Die Bundesregierung kündigte an, die Visavergabe über ein unbürokratisches Verfahren zu vereinfachen, damit Betroffene zeitweilig bei Angehörigen in Deutschland unterkommen können. Betroffene des Erdbebens im türkisch-syrischen Grenzgebiet mit Verwandten in sollen offenbar erleichtert mit Visa einreisen dürfen: Das berichtet die „Bild am Sonntag“ unter Berufung auf Bundesinnenministerium und Auswärtiges Amt. „Es geht um Hilfe in der Not“, sagte Innenministerin Nancy Faeser (SPD) der Zeitung.
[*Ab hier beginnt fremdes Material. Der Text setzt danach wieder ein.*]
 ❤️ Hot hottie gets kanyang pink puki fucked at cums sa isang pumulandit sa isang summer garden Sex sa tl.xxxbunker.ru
Der Vorsitzende der Türkischen Gemeinde in Baden-Württemberg, Gökay Sofuoglu, rief die Behörden im Redaktionsnetzwerk Deutschland dazu auf, bei der Vergabe tatsächlich schnelle Entscheidungen zu treffen. „Es wird für alle ein Aufwand sein, aber in dieser schwierigen Lage sollten die Behörden sowohl in Deutschland, aber auch in der Türkei alles daran setzen, dass diese Menschen reisen können.“

Der Hauptgeschäftsführer des Deutschen Städte- und Gemeindebundes, Gerd Landsberg, forderte „die Zusage, weitere Finanzmittel bereitzustellen und alle mit der Flüchtlingsaufnahme verbundenen Kosten zu erstatten“. Für den kommenden Donnerstag hat Ministerin Faeser einen Flüchtlingsgipfel angekündigt. Eingeladen seien unter anderen die kommunalen Spitzenverbände und die Länder.
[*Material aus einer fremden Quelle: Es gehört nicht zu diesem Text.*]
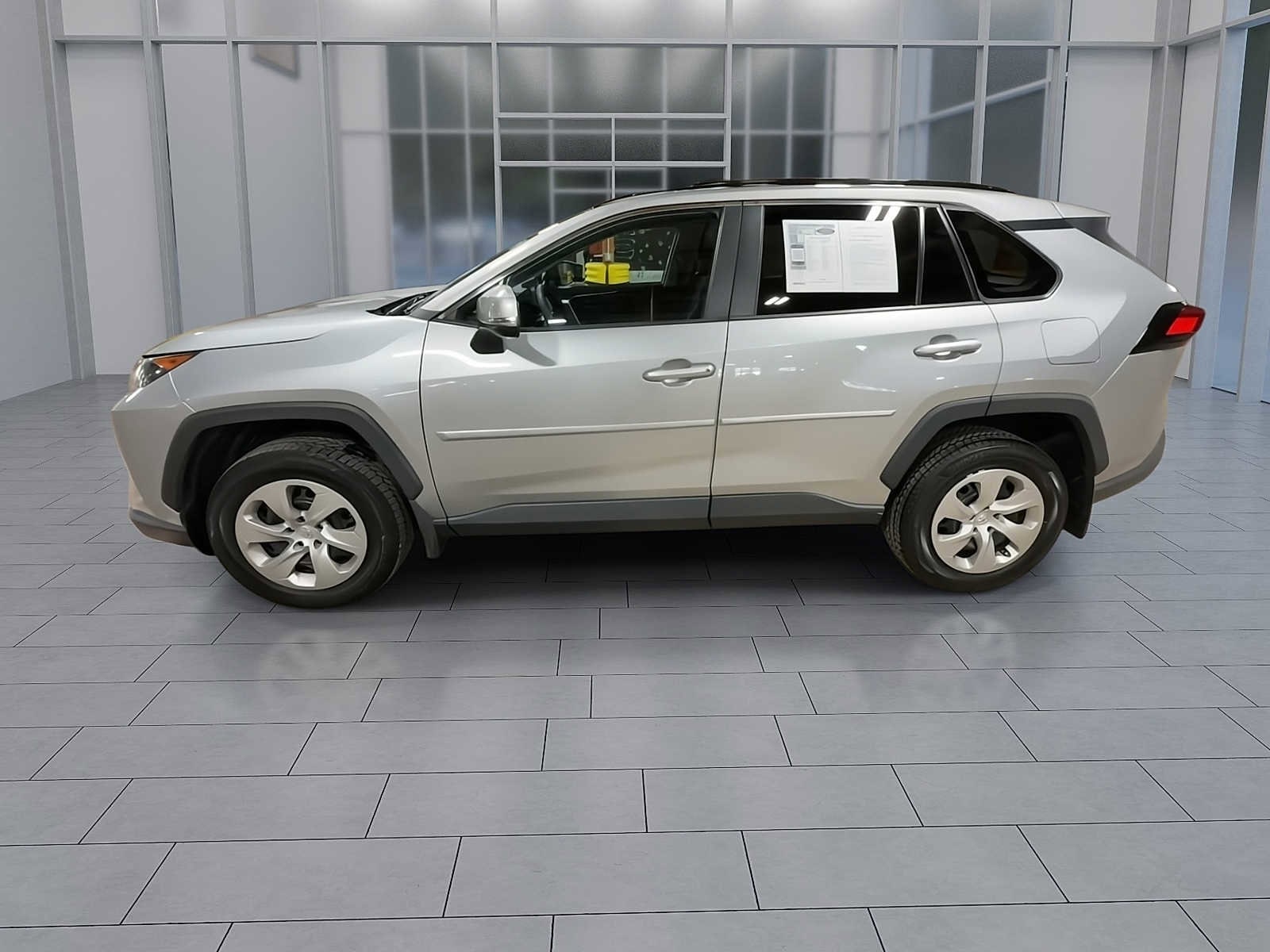 Thumbnail: 2019 Toyota RAV4 - 5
UN-Agentur will bis zu 500.000 Betroffene versorgen

 Nach den Erdbeben in der Türkei und in Syrien hat auch das Welternährungsprogramm WFP seine Nothilfe mobilisiert. Bis zum 4. Februar habe man fast 64.000 Menschen in beiden Ländern erreicht, teilte die UN-Organisation mit Hauptsitz Rom mit. Geplant sei, eine halbe Million Menschen zu versorgen. Das Hilfswerk forderte, ungehinderten Zugang nach Nordwest-Syrien zu gewähren, und rief die Staatengemeinschaft zu Spenden in Höhe von umgerechnet 43 Millionen Euro auf.
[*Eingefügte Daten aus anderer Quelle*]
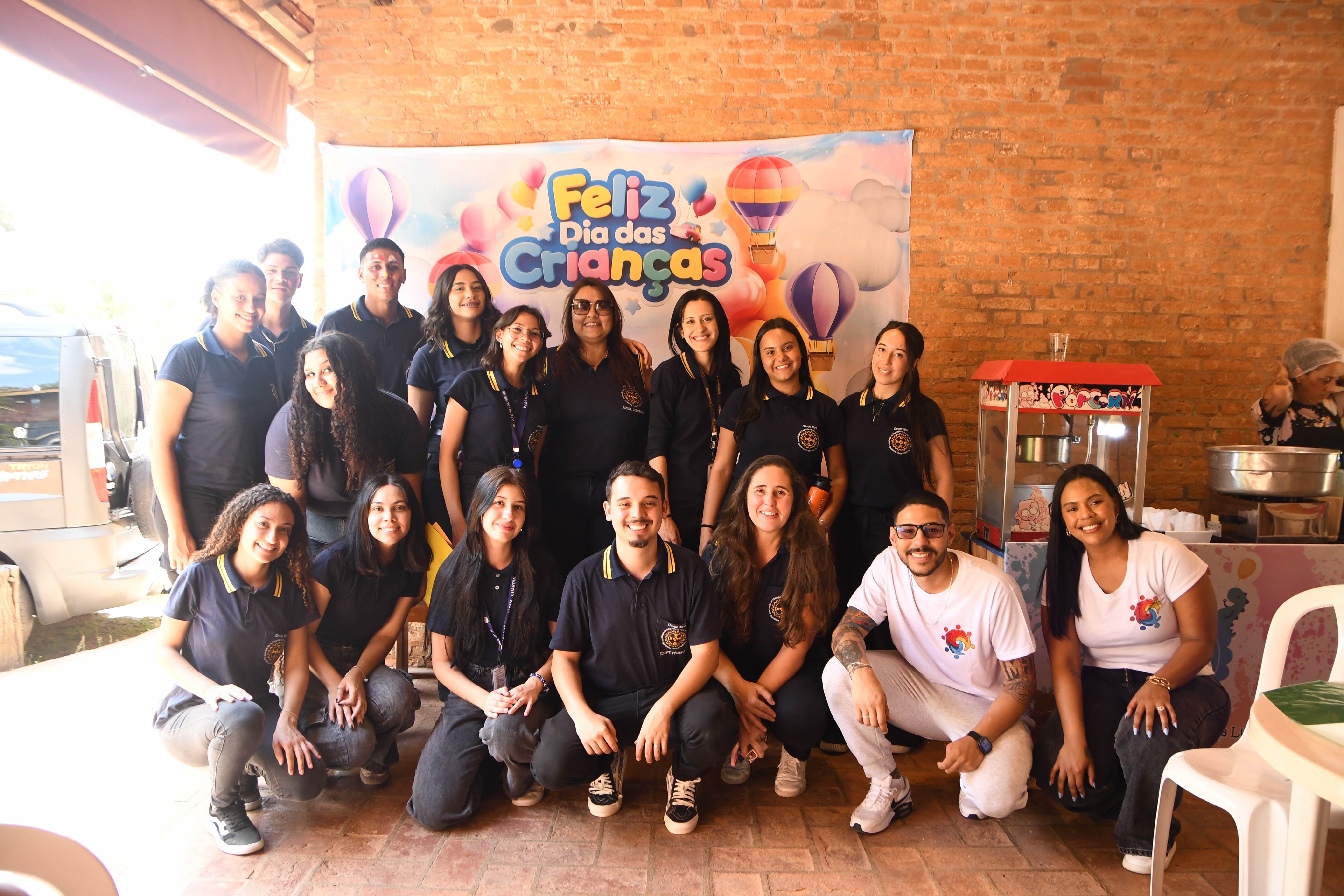 Voluntários da ONG organizando e participando do evento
Im Südosten der Türkei nahe dem Epizentrum koordiniert das WFP der Mitteilung zufolge gemeinsam mit den Behörden die Verteilung von Familien-Nahrungsmittelpaketen in provisorischen Camps, in denen neben syrischen Flüchtlingen nun auch türkische Erdbebenopfer leben. In Gebieten, in denen Versorgungsketten und die Belieferung von Supermärkten unterbrochen ist, könne man für ein bis zwei Wochen Lebensmittel bereitstellen, bis sich die Lage stabilisiere.